[Items listed in a dataset]
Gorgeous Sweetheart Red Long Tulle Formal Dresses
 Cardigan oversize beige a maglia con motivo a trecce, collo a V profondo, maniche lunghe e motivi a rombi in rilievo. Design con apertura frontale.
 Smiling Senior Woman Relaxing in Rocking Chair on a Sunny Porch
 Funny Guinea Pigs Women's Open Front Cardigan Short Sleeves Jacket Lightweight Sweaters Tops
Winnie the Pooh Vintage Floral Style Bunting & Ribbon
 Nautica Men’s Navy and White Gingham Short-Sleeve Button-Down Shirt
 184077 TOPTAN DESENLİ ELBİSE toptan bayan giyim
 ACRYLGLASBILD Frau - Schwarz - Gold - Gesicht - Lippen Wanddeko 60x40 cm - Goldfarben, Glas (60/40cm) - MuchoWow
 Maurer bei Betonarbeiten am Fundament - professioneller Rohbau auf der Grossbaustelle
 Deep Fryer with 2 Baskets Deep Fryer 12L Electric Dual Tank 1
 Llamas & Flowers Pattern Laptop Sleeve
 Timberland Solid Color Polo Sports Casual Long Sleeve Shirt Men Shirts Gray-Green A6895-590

▶ **What you need to do**: Repeat the data. Leave nothing out and change nothing.

▶ **Result of this exercise**:
Gorgeous Sweetheart Red Long Tulle Formal Dresses
 Cardigan oversize beige a maglia con motivo a trecce, collo a V profondo, maniche lunghe e motivi a rombi in rilievo. Design con apertura frontale.
 Smiling Senior Woman Relaxing in Rocking Chair on a Sunny Porch
 Funny Guinea Pigs Women's Open Front Cardigan Short Sleeves Jacket Lightweight Sweaters Tops
Winnie the Pooh Vintage Floral Style Bunting & Ribbon
 Nautica Men’s Navy and White Gingham Short-Sleeve Button-Down Shirt
 184077 TOPTAN DESENLİ ELBİSE toptan bayan giyim
 ACRYLGLASBILD Frau - Schwarz - Gold - Gesicht - Lippen Wanddeko 60x40 cm - Goldfarben, Glas (60/40cm) - MuchoWow
 Maurer bei Betonarbeiten am Fundament - professioneller Rohbau auf der Grossbaustelle
 Deep Fryer with 2 Baskets Deep Fryer 12L Electric Dual Tank 1
 Llamas & Flowers Pattern Laptop Sleeve
 Timberland Solid Color Polo Sports Casual Long Sleeve Shirt Men Shirts Gray-Green A6895-590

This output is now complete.